Weird machine scaling behavior when instance went down

Hi there - I just wanted to report some weird scaling behavior that I came across today…

Yesterday one of my apps (foundry-imgproxy-v2) started returning errors that stated the following (only had one running in LAX at the time):

could not find a good candidate within 90 attempts at load balancing. last error: unreachable worker host. the host may be unhealthy. this is a Fly issue.

and also

could not find a good candidate within 90 attempts at load balancing. last error: no known healthy instances found for route tcp/443. (hint: is your app shutdown? is there an ongoing deployment with a volume or using the 'immediate' strategy? has your app's instances all reached their hard limit?)

Unsure why I randomly got this error, I finally decided to go ahead and scale up another machine in SJC

I ran the following:

fly scale count 2 --region lax,sjc --max-per-region 1 --app foundry-imgproxy-v2

Which confirmed that it would be scaling up a machine in LAX and SJC

This showed two apps running.

Nice.
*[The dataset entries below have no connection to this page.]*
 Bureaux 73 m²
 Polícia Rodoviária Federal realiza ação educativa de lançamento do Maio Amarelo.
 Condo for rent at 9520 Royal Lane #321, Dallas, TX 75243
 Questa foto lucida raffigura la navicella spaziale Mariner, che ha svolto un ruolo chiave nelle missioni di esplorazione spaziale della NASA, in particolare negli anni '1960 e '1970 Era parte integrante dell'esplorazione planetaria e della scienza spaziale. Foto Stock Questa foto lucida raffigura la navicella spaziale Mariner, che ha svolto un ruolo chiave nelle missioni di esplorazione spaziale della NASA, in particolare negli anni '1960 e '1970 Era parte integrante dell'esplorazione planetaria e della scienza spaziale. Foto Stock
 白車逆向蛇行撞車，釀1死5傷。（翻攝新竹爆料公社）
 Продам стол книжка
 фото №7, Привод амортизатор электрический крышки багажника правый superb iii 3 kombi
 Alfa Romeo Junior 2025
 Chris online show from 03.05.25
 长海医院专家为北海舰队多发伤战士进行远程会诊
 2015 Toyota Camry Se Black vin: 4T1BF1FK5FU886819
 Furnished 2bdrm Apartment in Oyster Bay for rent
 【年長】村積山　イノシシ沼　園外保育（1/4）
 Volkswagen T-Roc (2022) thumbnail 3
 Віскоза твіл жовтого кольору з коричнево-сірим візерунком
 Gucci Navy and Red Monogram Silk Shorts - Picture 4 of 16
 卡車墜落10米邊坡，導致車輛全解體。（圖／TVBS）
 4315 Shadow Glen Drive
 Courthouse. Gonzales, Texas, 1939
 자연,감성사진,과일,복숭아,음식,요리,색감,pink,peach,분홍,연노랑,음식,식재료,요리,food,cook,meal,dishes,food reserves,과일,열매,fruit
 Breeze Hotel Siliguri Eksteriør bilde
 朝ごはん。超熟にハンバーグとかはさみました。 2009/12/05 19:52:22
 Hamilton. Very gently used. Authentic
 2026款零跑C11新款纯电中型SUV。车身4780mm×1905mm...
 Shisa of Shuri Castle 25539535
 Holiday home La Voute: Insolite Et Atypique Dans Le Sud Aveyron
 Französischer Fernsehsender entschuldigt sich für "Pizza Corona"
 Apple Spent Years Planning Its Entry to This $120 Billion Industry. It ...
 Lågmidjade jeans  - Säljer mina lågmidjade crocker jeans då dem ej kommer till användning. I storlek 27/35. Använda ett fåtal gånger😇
I thought I fixed it.

Now as of a few hours ago, my mysteriously dead machine started running again and now I had 2 in LAX and 1 in SJC instead of just 1 in each region.

Running the same command again:

fly scale count 2 --region lax,sjc --max-per-region 1 --app foundry-imgproxy-v2

Fixed things but is quite unsettling to know that the scaling wasn’t following my instructions

Here you can see this in my Grafana when the app went down, when I scaled up and when the ghost machine came back online

Recap of image:

  • Blue line at 12:00 is my solo LAX instance
  • app goes down (?) at 18:00
  • I run the scale command at 20:00 for LAX,SJC one machine each region
    (next day)
  • 12:30 mysteriously comes back online
  • 1pm I run scale command again and now my extra LAX instance (yellow) is turned off

Hope this helps!

This topic was automatically closed 7 days after the last reply. New replies are no longer allowed.